Start of INFORMATION

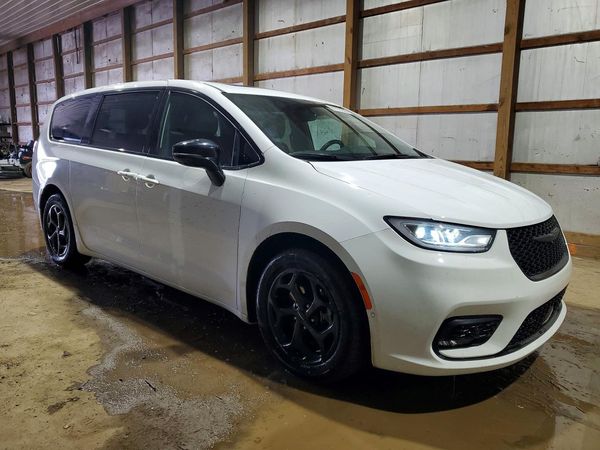 2023 CHRYSLER PACIFICA Limited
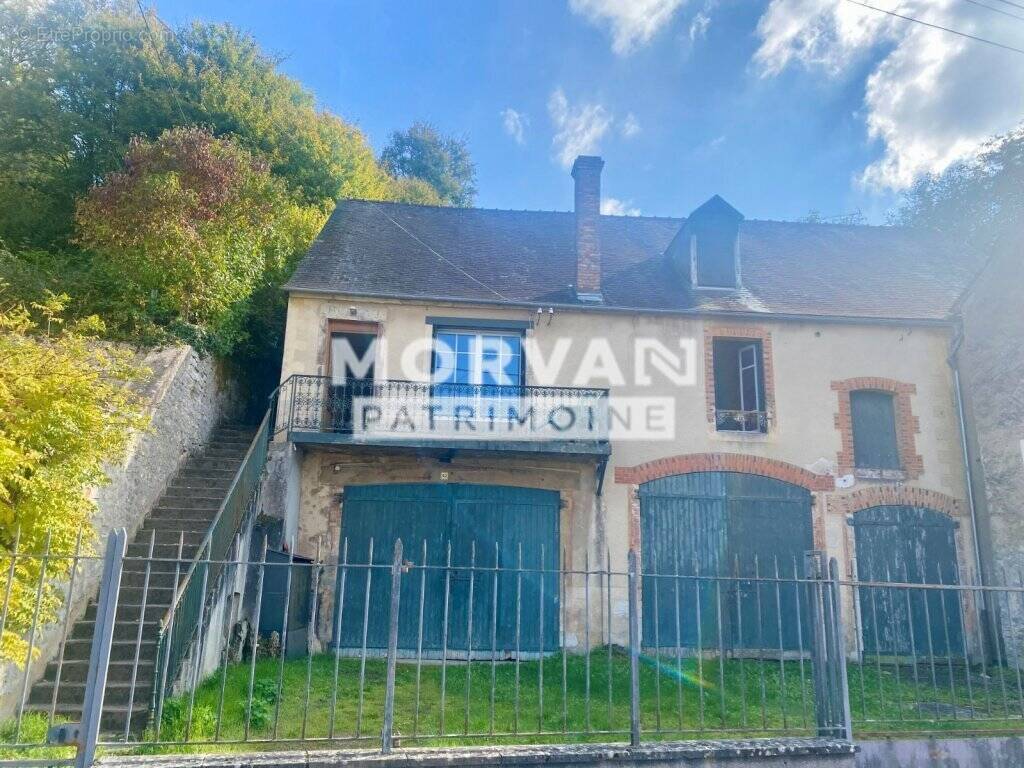 Maison à CHATILLON-EN-BAZOIS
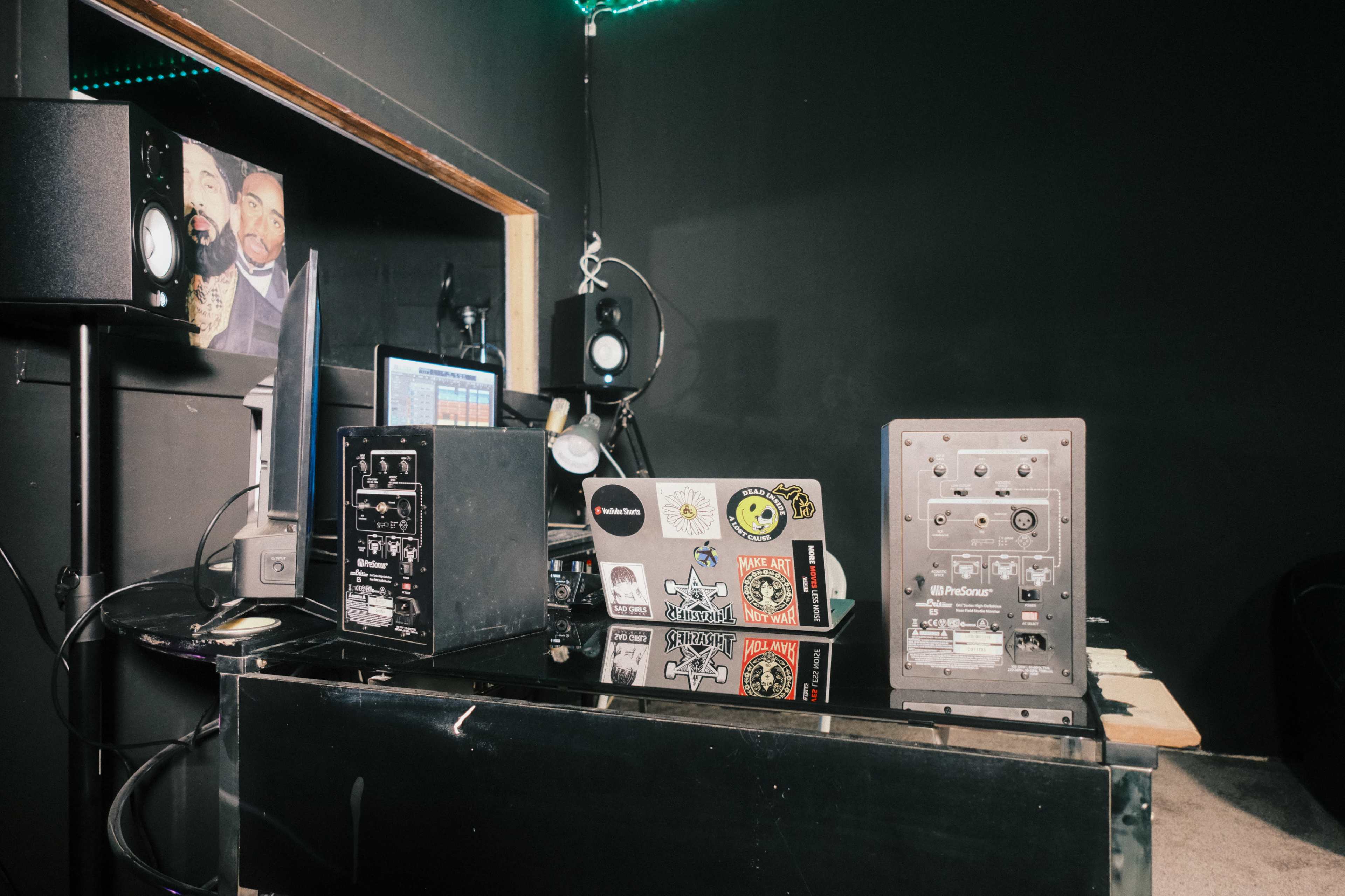 Where Vibes Meet Vocals – Recording Studio for Artists & Creators Image in Oak Park, Oak Park, MI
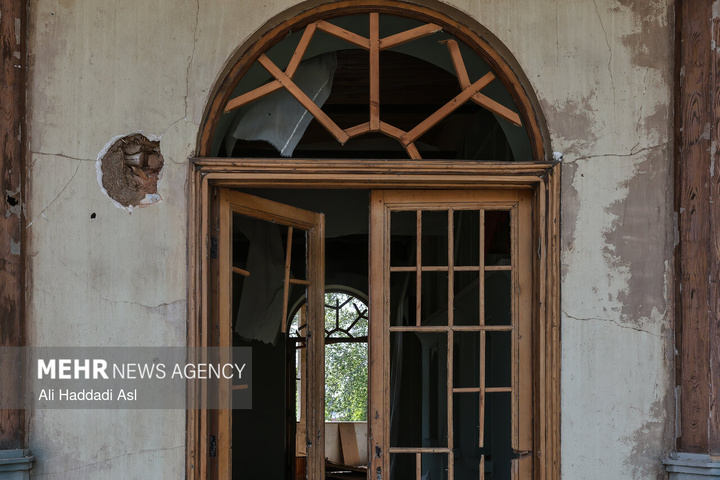 بازدید اصحاب رسانه از خسارات برجا مانده از جنگ رمضان در کاخ سعدآباد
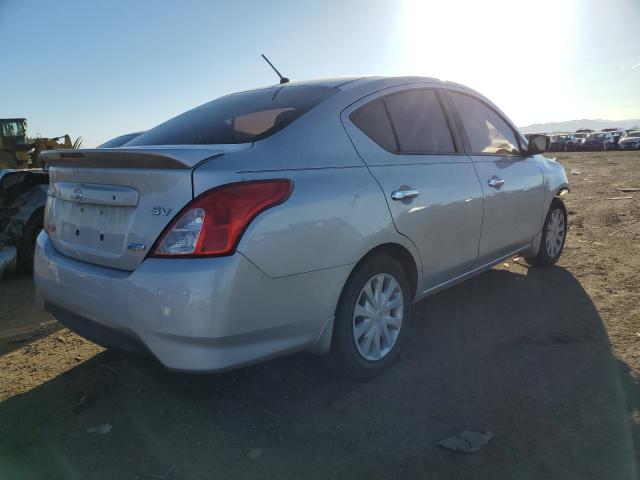 3N1CN7AP9FL806596 - 2015 NISSAN VERSA S SILVER photo 3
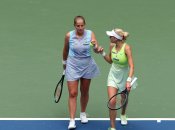 Людмила Кіченок та Олена Остапенко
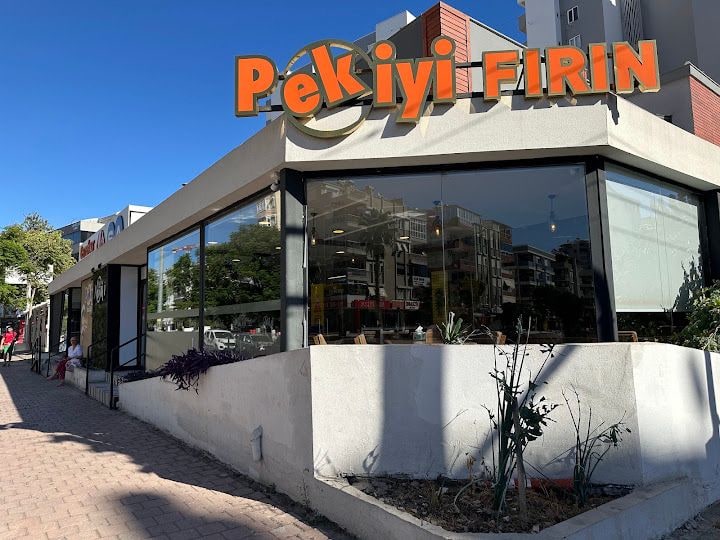 Pekiyi unlu mamulleri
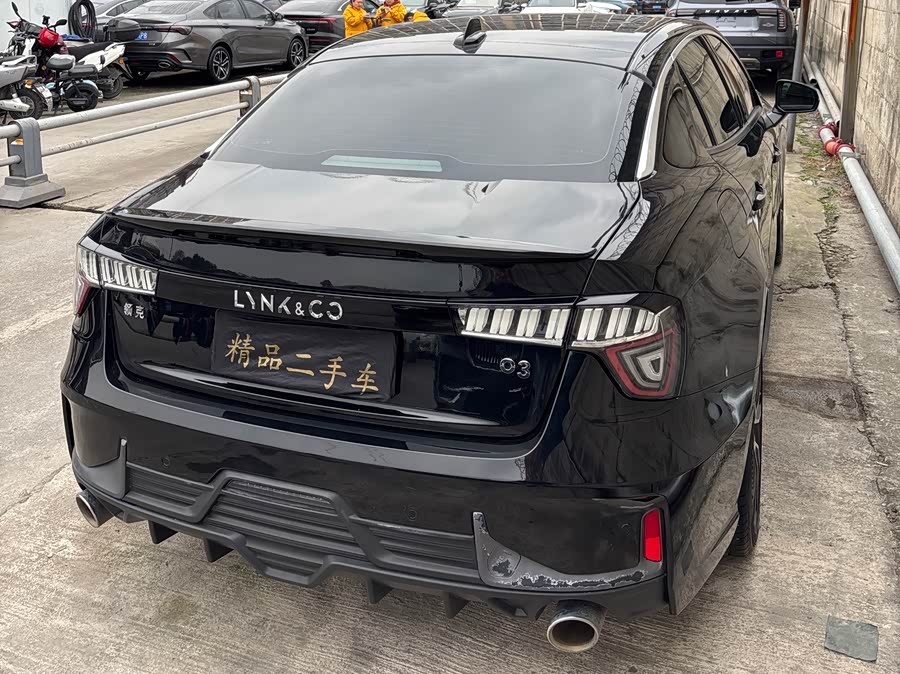Lynk & Co 03 2019 car image #17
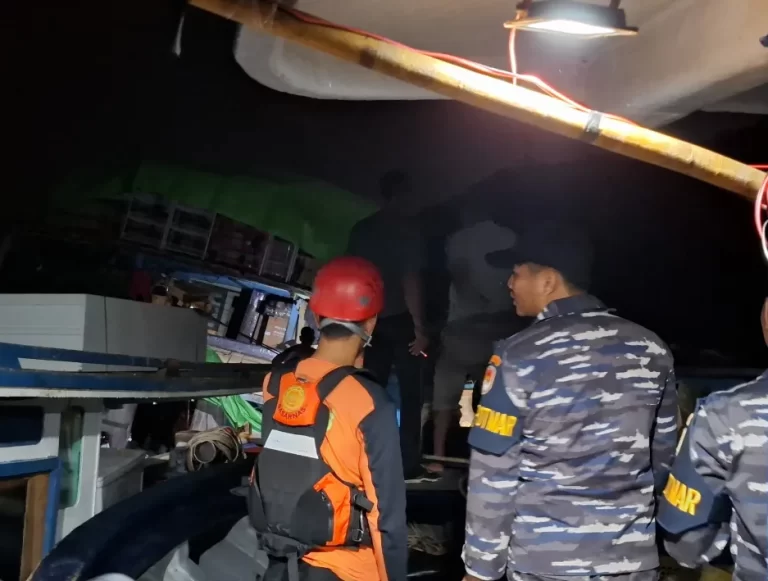 Tim SAR gabungan mengevakuasi awak kapal KLM Putra Natuna yang mengalami kebocoran di perairan Serasan, Kabupaten Natuna.
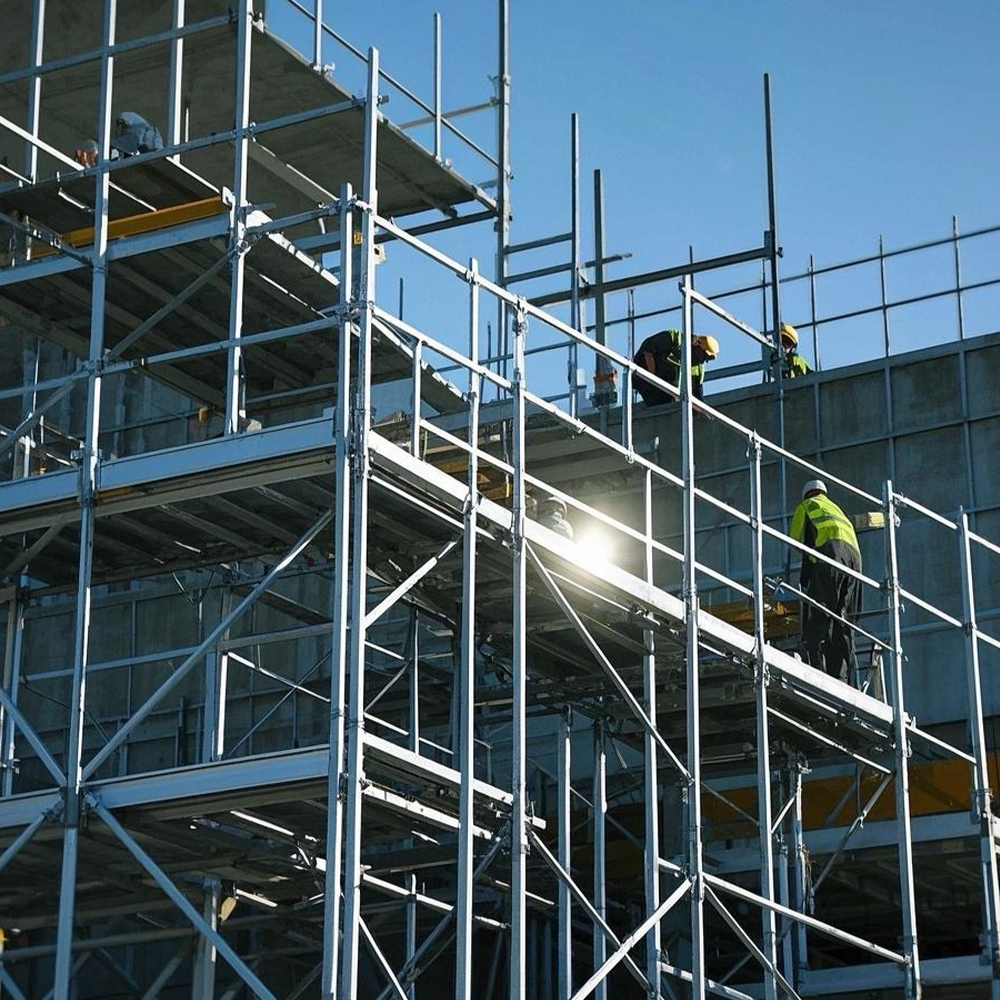 Schele ușoare din aluminiu pentru construcții: asamblare, capacitate de încărcare și siguranță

End of INFORMATION

YOUR INSTRUCTIONS
The required answer is every line from the one containing "Lynk & Co 03 2019 car image #17" through the last line of the entries, restated word for word and with no pictures.

SOLUTION
Lynk & Co 03 2019 car image #17
 Tim SAR gabungan mengevakuasi awak kapal KLM Putra Natuna yang mengalami kebocoran di perairan Serasan, Kabupaten Natuna.
 Schele ușoare din aluminiu pentru construcții: asamblare, capacitate de încărcare și siguranță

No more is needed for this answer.